While I am at it these are my two bulging travel journals, full of ideas for this fabric.

Sunday, February 14, 2010

Here we go again...

Sigh. You are all just not getting this. I am in intensive care here with this head cold (well they call it that but I am sure it is a derivative of ebola fever) and all I get is 'your links don't work'. Well, no they don't and I am sorry for my inefficiency with the cut and paste tool, but how hard it is to google images search pink foam shrimps?

Let me do it for you:

Pink foam shrimps:



Winter candy:

Kop-kops are not licorice flavoured. Licorice is disgusting. They are aniseed. Whcih is odd because I didn't know that until I googled 'kopkops flavour' for your edicfication, and I would have said that aniseed was disgusting too. But they are coated in sugar and I only eat them when my taste buds are Black Death-impaired so maybe that explains it. The same method of intensive research tells me that winter candy is also aniseed. How odd.

The shrimps are, disconcertingly for fish lovers, raspberry flavoured. Or more accurately, chemical-replicating-raspberry-flavour flavoured.

And, while we are having this trans-altantic conversation, could I just say: tootsie rolls. Iconic US product, referred to in mountains of literature. First experienced by this Brit last November. Huge disappointment. What's that all about? Small bits of chewy gloop. You have no standing to criticise kop-kops. Oh wait, the US is the home of Hershey Cookies and Cream chocolate is isn't it? I bow at your feet. Love that stuff. Can't get it here.

Or Top Deck. Now this really is a mystery. Top Deck is Cadbury's chocolate which, until they sold out this month to Kraft was a quintessential British Quaker company. They produce Dairy Milk chocolate and Dream white chocolate.. In South Africa you can get Top Dec, which is Dairy Milk with a layer of white chocolate ontop. No where else have I found this delicacy. Except inexplicably, in a supermarket in the tourist area of Paphos in Cyprus who import it. How come we don't get it here?

Saturday, February 13, 2010

Sweet clarification

It seems that there are Americans willing to take the risk of questioning an ailing whining spoiled Brit. What on earth, they ask, are the kopkops and winter candy of your last post?
Well it turns out you can get them online.
(Dad. Take note,)
Kopkops here, winter/cough candy here ( unwrapped!).
Note that the latter is not to be confused with these which are nasty.

And look - they even have pink foam shrimps! Surely you must get those in the States you being a nuk-le-ar power and all?

They ship to the States so you can be better prepared for the plague than I was. If you should place an order you also need to add Uncle Joes Mint balls, a delicacy made down the road in Wigan (arch rival of my home town St. Helens.) The factory is right next to the old court building and until the courts shifted across town, my arrival at work was often scented by this very distinctive smell of Uncle Joe Mint Balls. I do believe there is an entire retail shop dedicated to the product.

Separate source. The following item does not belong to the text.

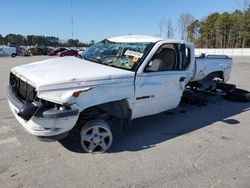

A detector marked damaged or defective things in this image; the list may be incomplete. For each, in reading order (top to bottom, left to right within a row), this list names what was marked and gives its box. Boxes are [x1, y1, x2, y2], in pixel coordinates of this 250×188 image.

damaged front end [6, 72, 79, 140] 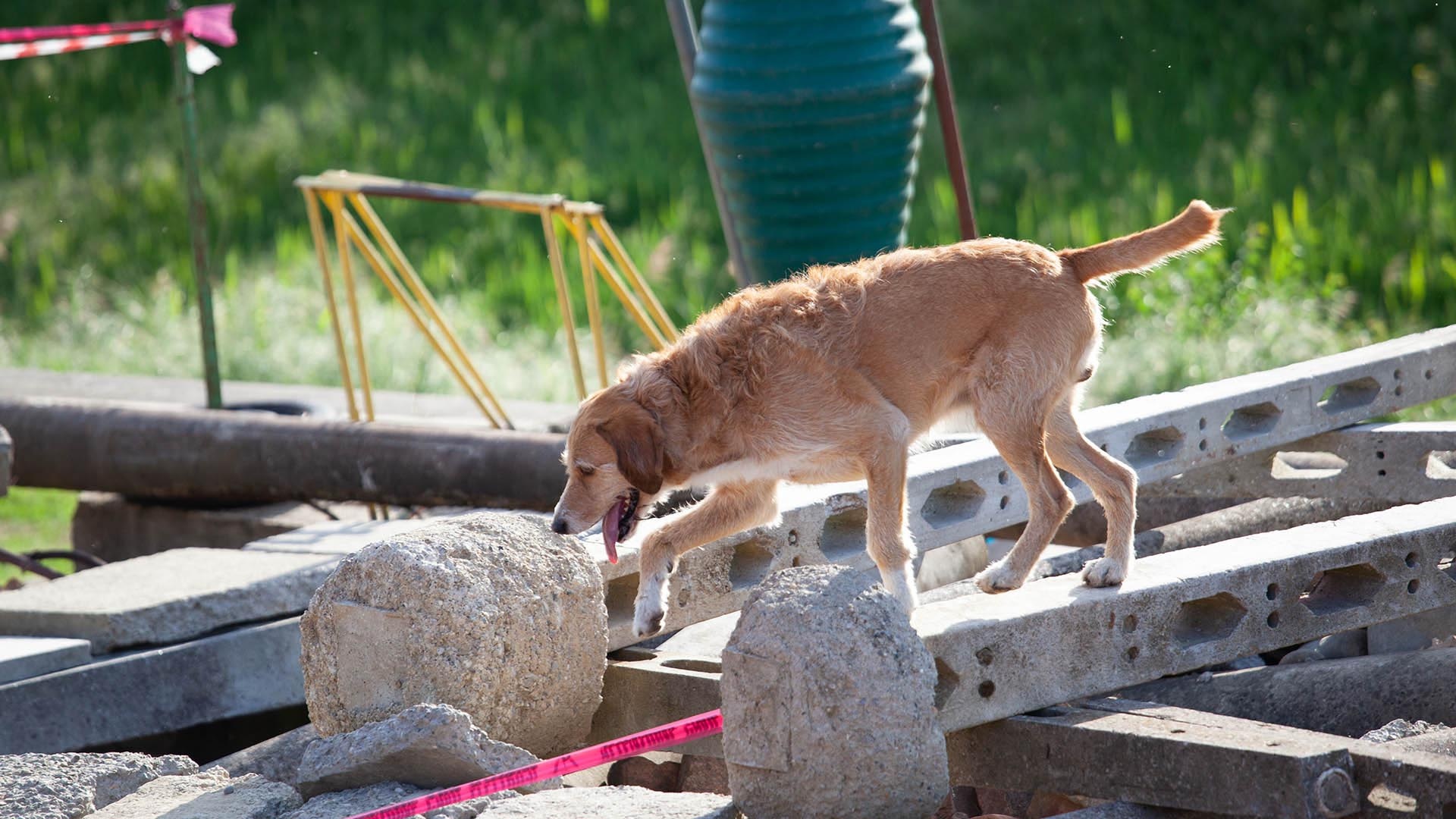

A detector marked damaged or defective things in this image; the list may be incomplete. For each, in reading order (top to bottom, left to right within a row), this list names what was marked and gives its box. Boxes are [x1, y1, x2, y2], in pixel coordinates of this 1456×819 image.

Anything else I can get off my death bed to educate you about? :)

Moan

I am not well
Now, all members of my family who read my blog just ran for cover. Because, unlike you remaining people who only know the nice bits of me I show online, my family know that the statement 'I am not well' emanating from my lips is inevitably going to be followed by a long, high pitched moan-come-wail-come-attention-seeking-whinge... Eeeurrrrrghhhhhhh. I'm no-ooot we-eeeellll.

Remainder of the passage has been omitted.